The greatest thing about this series is that it seamlessly mirrors the world we live in today. This book will make you think about your internalized racism and the prejudices that you hold without even realizing it. I mean, look at what is going on in the United States right now. Look at how we are allowing actual Nazis
free hate speech. Look who we elected, because people’s hearts were filled with so much hate. Look how we are trying to protect confederate statues, while allowing our government to bulldoze native sites for pipelines. Hate is a powerful force, and white supremacy is real. Charlottesville is happening all over our world, and we don’t need orogeny to stop it, either.
“But for a society built on exploitation, there is no greater threat than having no one left to oppress.”
I wrote in my review for The Obelisk Gate that the heart of this novel is oppression, but the soul of this novel is motherhood, and I stand by this assessment even more so. Again, I’m not a mother, but the underlying theme of parenthood and the indescribable love between a mother and child is something so pure and beautiful. I can’t even begin to describe the feelings and emotions this book was able to evoke from me.
The constant messages and reminders of the importance of found families is also something that I appreciate with every bone in my body. I don’t want to keep using the word beautiful, but these messages that N.K. Jemisin has created are nothing short of the word beautiful. Blood is just that, blood, but choosing to spend your days with people who unconditionally love and support you is the true meaning of family.
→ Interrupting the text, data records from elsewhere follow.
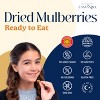 Eastanbul Mulberry, Dried Mulberries, Sun Dried White, Natural, Unsweetened, Vegan, Non-GMO, Gluten Free, 14.5oz - 3 of 4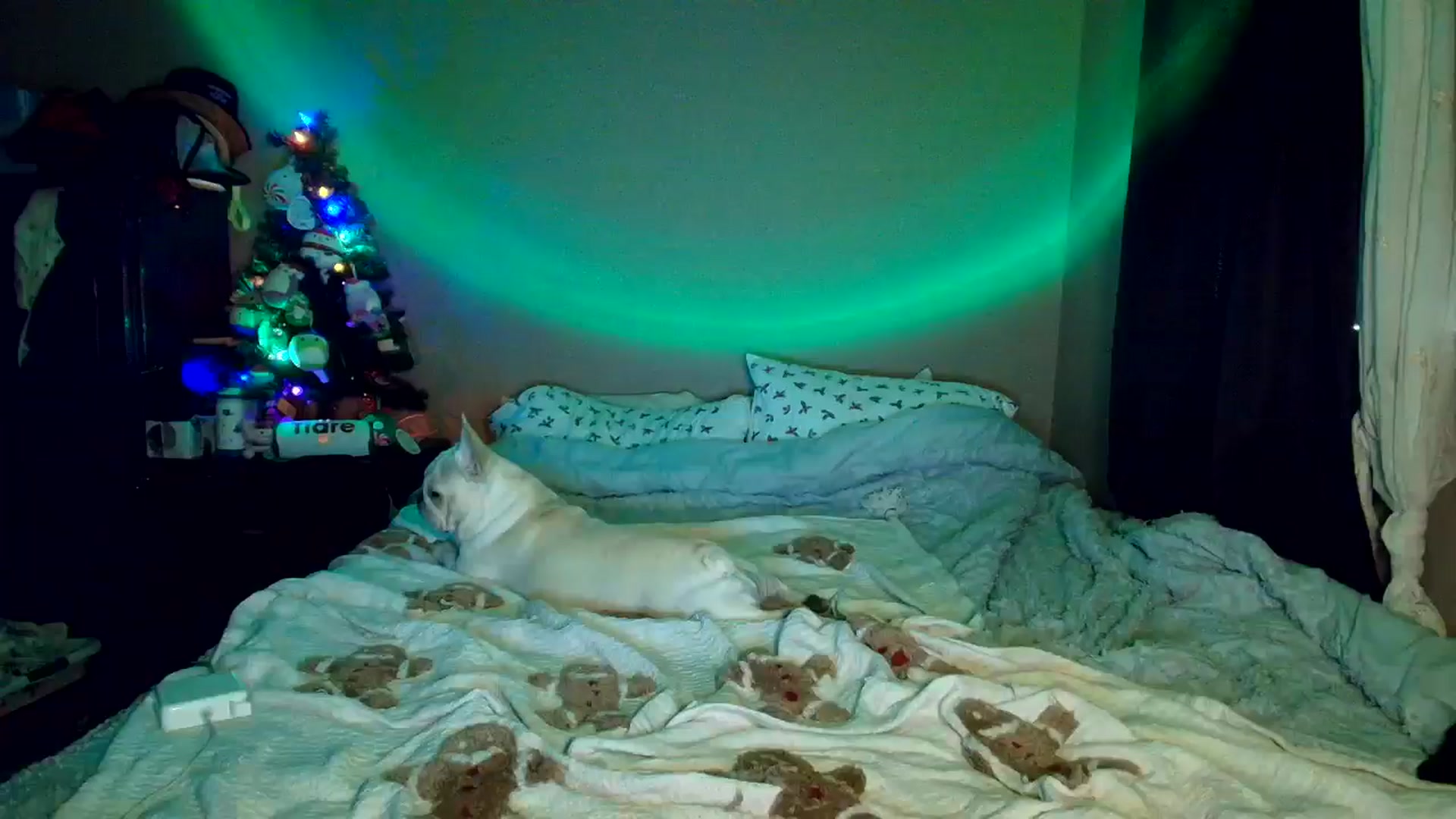 Gallery image thumbnail from CashleyBanks's myfreecams stream on, 12/01/2025, 20:23 image 1 of 20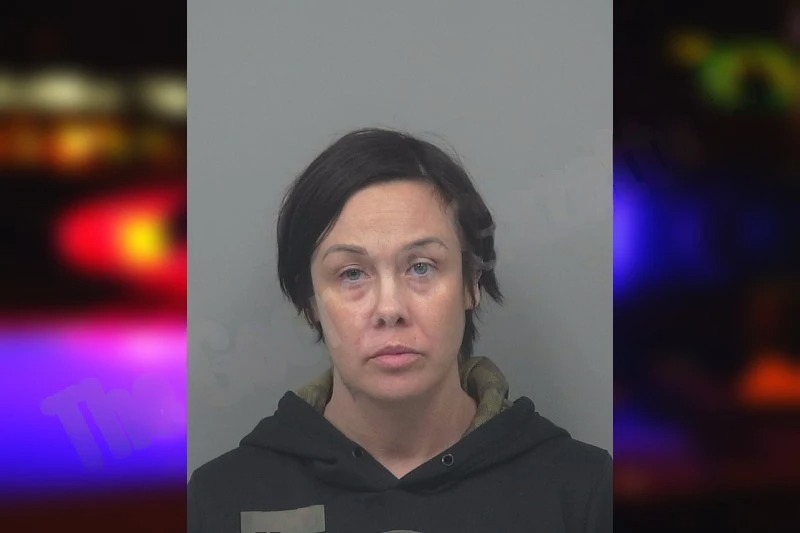 Jessica Turner mugshot – Gwinnett County , Georgia Jessica Turner mugshot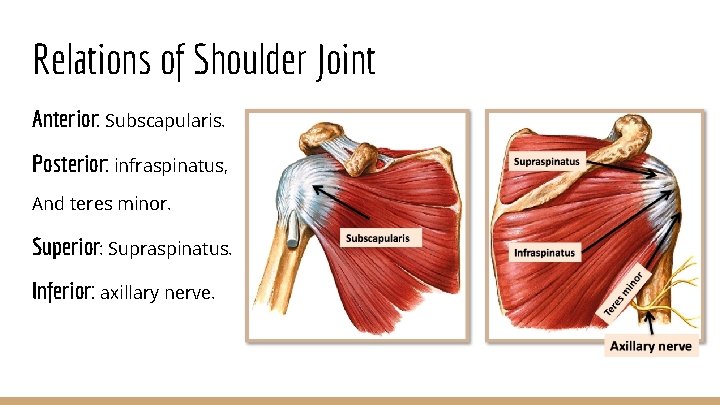 Relations of Shoulder Joint Anterior: Subscapularis. Posterior: infraspinatus, And teres minor. Superior: Supraspinatus. Inferior: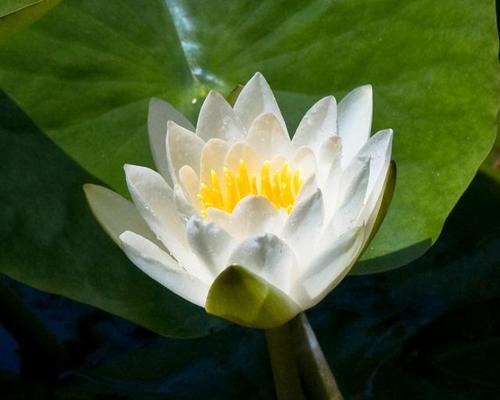 高洁之花——美丽的植物与内在品质（探索自然界中高洁的象征与魅力）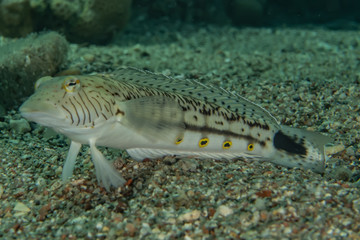 Fish swim in the Red Sea, colorful fish, Eilat Israel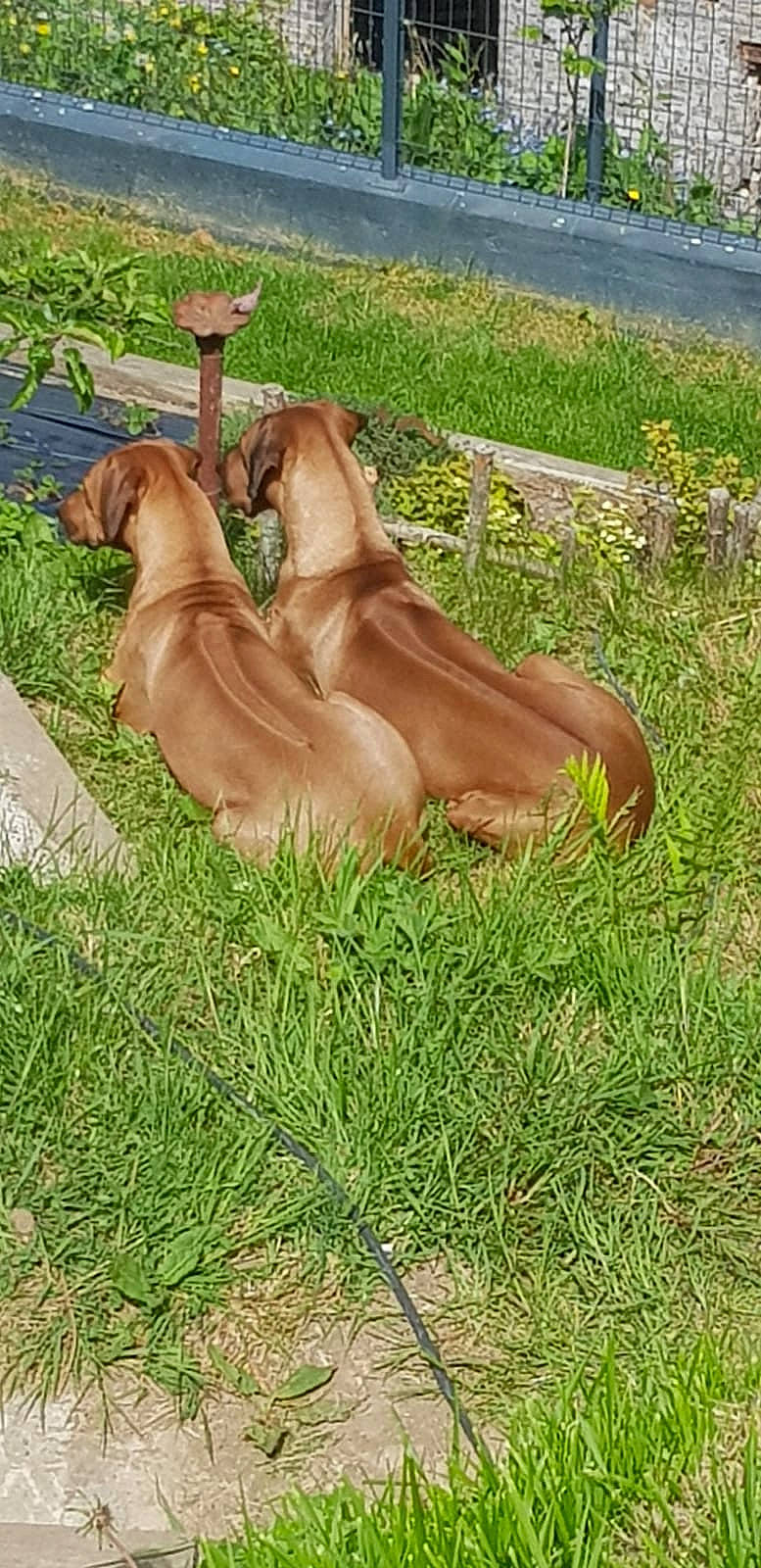 Nyanga Et Omara participe au concours pour gagner de l'argent avec cette photo : canidae, carnivore, companion_dog, dog, dog_breed, fawn, grass, grassland, groundcover, liver, natural_material, pasture, plant, prairie, snout, sporting_group, tail, terrestrial_animal, wildlife, working_animal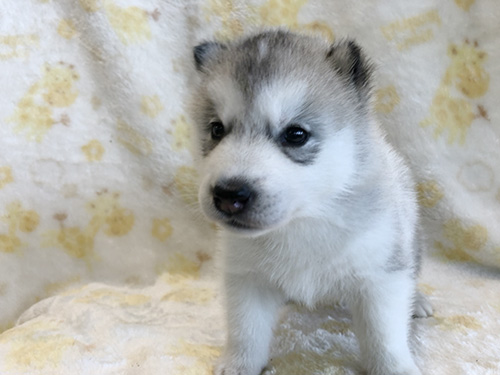 シベリアンハスキーの子犬　ブリーダー 子犬専門　AngelWan 横浜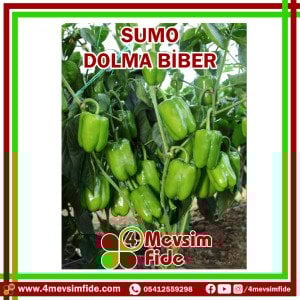 Sumo Dolma Biber Tohumu 1000 Adet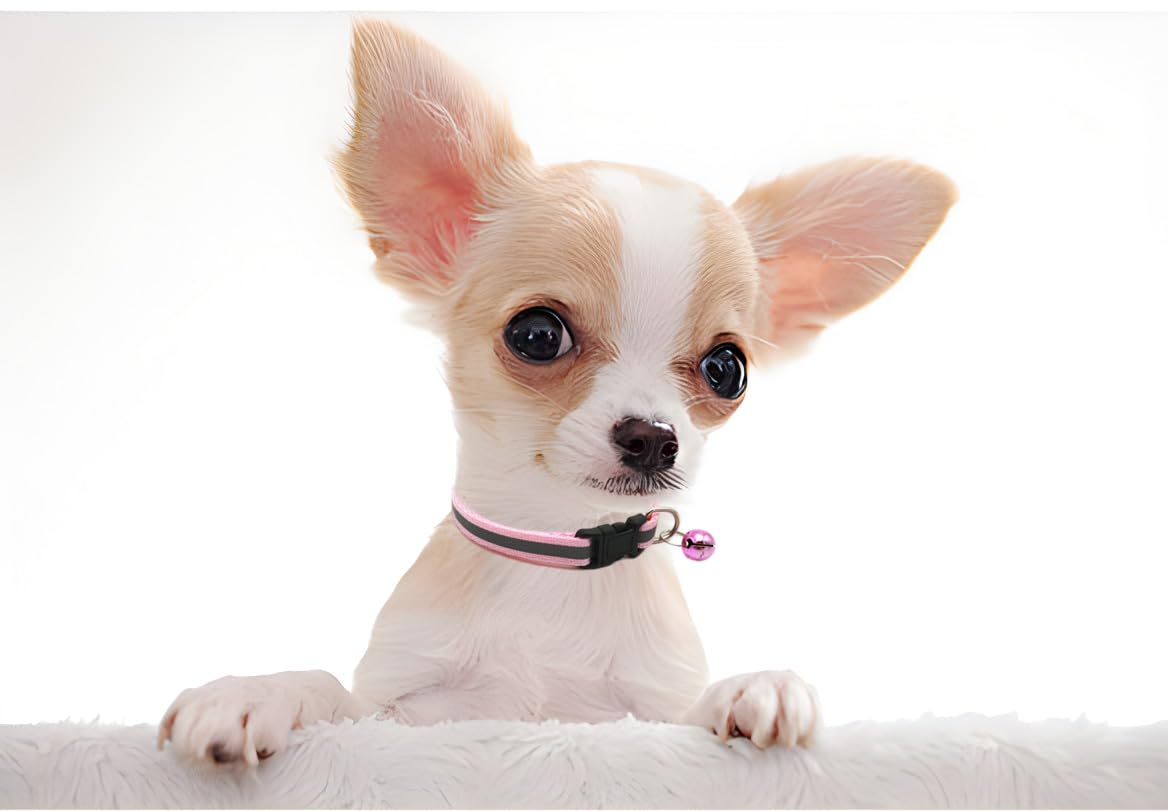 Blue Xs Cat Collar With Bell, Reflective Dog Collars Girl Soft Adjustable Buckle For Xxs Xsmall Extra Small Puppies Female Male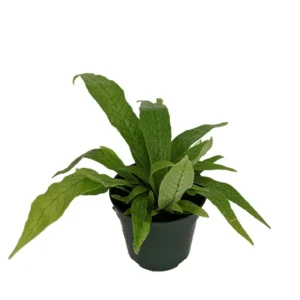 Crocodile Fern Plant - 4 Inch Pot - Rare Snakeskin Houseplant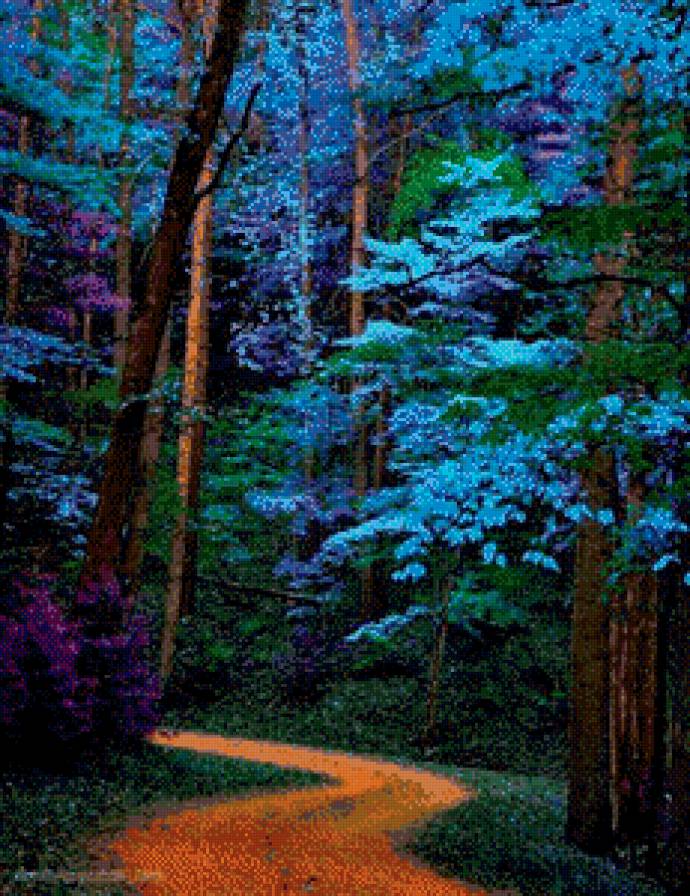 Волшебный лес - дорога, природа, лес - предпросмотр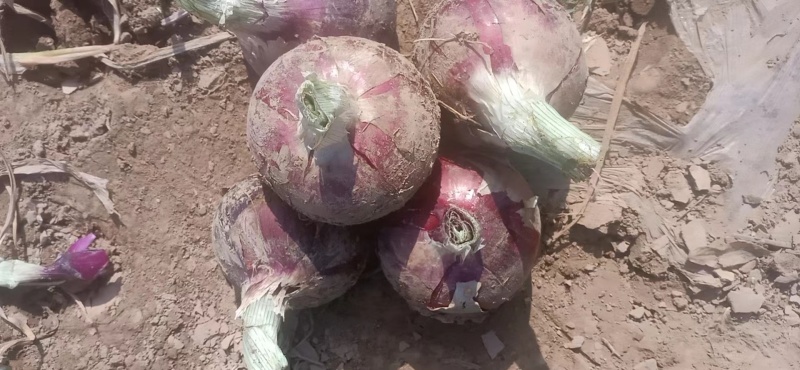 丰县紫皮洋葱大量上市，基地直供，代发市场，商超代储存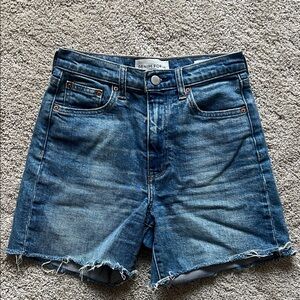 Aritzia Denim Forum Jean Shorts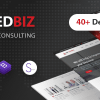 RedBiz - Finance & Consulting Multi-Purpose WordPress Theme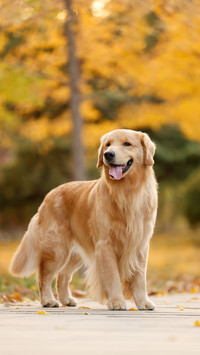 Places that dogs like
Just thinking of the people who have followed Essun throughout her journey makes me weep from equal parts of joy and sadness. I loved seeing people love the broken parts of Essun, seeing her friends love the strong woman she always was all along, seeing her family choose to follow her to the end of the Earth.
“…if you love someone, you don’t get to choose how they love you back.”
And seeing the choices that Nassun made all by herself from both places of hurt and love just broke my heart. The choices we all make from being hurt or being loved is a discussion I could write pages and pages on. The feelings and emotions in this book are so very complex and the narrative only makes you feel everything intensified. Right now, as I’m writing this review, I’m equal parts heartbreak and hope.
“It’s just that love and hate aren’t mutually exclusive”
And the representation in this book is the best I’ve ever read in all my years. First off, this book is unapologetically and beautifully black. Next, N.K. Jemisin writes about systematic oppression expertly. Then, she also seamlessly writes in LGBT+ representation effortlessly. This book has the best written trans side character I’ve ever read about. I’ve said it before, and I’ll scream it from the rooftops again: Every author should strive to write representation like N.K. Jemisin.
The writing is also exquisite. The prose is a tier above the rest. The narrative in unique and heartfelt. The world building is nothing short of perfection. The themes are relevant, important, and inspiring. The acknowledgments broke my heart. This series is truly a masterpiece.
This is one of the best stories I’ve ever read in my entire life. No amount of words I can write here is going to do it justice, so I can only ask, or beg, you to pick it up and see for yourself. Thank you, N.K. Jemisin, for this masterpiece. I will never stop moving forward, and I will never stop fighting for a better world.
“We could’ve all been safe and comfortable together, surviving together, but they didn’t want that. Now nobody gets to be safe. Maybe that’s what it will take for them to finally realize things have to change.”